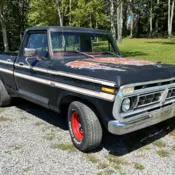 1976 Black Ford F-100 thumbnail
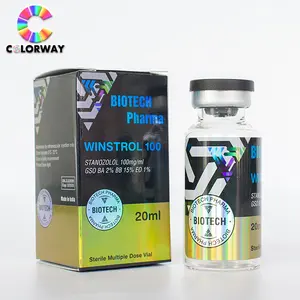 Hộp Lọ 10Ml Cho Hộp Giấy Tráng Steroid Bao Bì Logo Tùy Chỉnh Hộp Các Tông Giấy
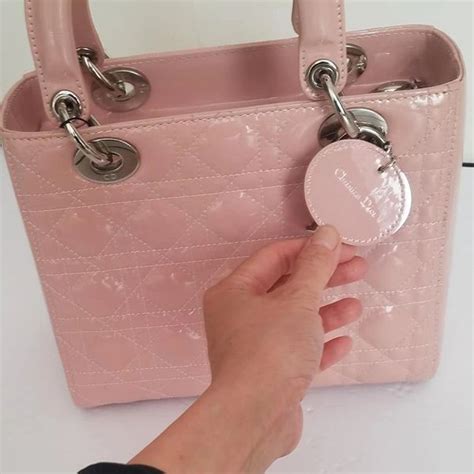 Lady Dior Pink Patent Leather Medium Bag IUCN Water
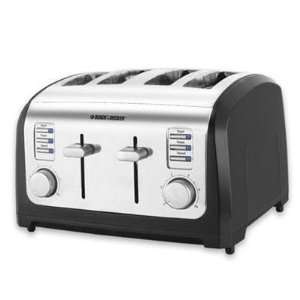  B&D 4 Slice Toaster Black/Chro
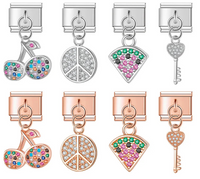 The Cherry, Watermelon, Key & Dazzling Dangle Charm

--

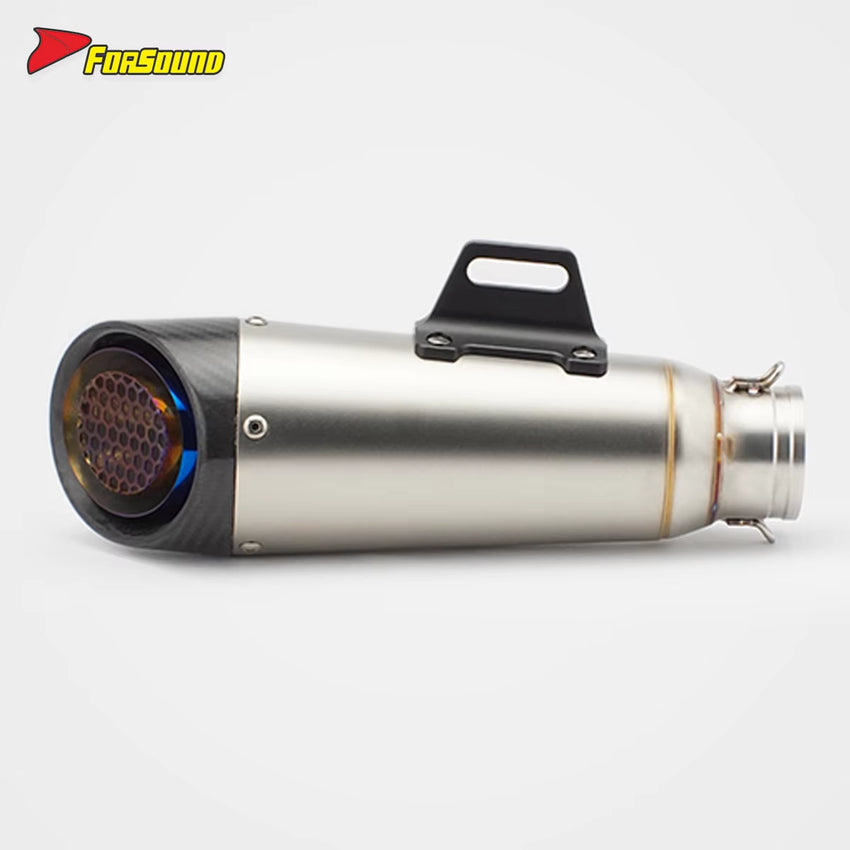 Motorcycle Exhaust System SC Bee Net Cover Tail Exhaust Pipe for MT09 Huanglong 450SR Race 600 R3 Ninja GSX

Problem description:
For this exercise, set down the lines in the entries above from the one with "1976 Black Ford F-100 thumbnail" through the one with "The Cherry, Watermelon, Key" exactly as written, without any pictures.

Solution below:
 1976 Black Ford F-100 thumbnail
 Hộp Lọ 10Ml Cho Hộp Giấy Tráng Steroid Bao Bì Logo Tùy Chỉnh Hộp Các Tông Giấy
 Lady Dior Pink Patent Leather Medium Bag IUCN Water
  B&D 4 Slice Toaster Black/Chro
 The Cherry, Watermelon, Key & Dazzling Dangle Charm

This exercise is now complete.